- [Description of the task]: From the line containing "Table with poster" down to the line containing "Newly built apartment" in the records below, reproduce every line exactly, ends included, and omit all others.

- [Dataset excerpts]:

================================

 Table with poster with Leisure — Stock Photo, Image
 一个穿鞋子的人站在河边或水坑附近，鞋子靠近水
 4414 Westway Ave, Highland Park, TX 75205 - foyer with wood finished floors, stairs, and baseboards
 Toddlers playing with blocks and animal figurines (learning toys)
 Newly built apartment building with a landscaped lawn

================================

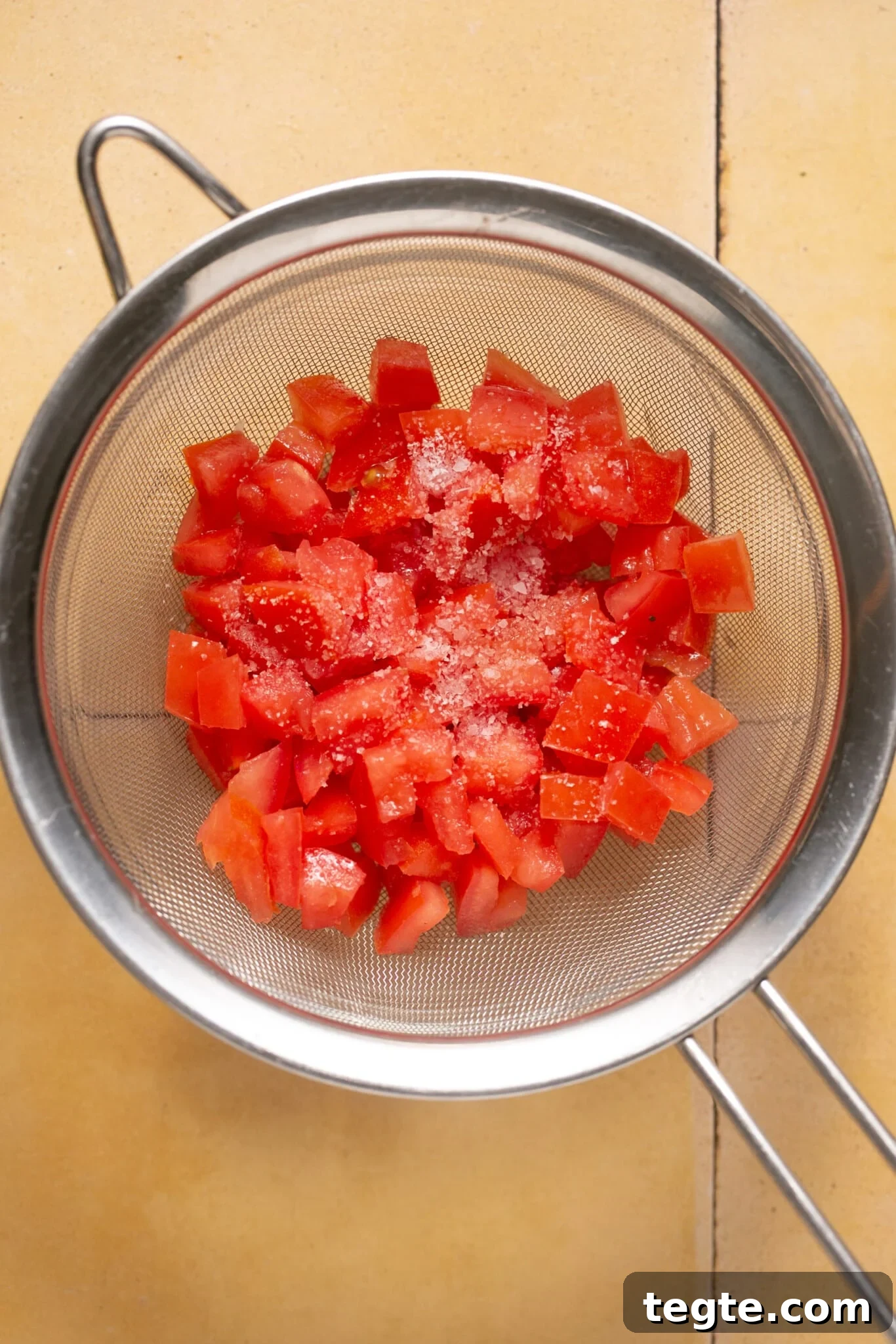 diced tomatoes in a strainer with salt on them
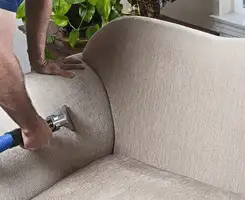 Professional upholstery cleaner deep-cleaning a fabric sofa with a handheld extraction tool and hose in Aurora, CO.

================================

- [Result]:
 Table with poster with Leisure — Stock Photo, Image
 一个穿鞋子的人站在河边或水坑附近，鞋子靠近水
 4414 Westway Ave, Highland Park, TX 75205 - foyer with wood finished floors, stairs, and baseboards
 Toddlers playing with blocks and animal figurines (learning toys)
 Newly built apartment building with a landscaped lawn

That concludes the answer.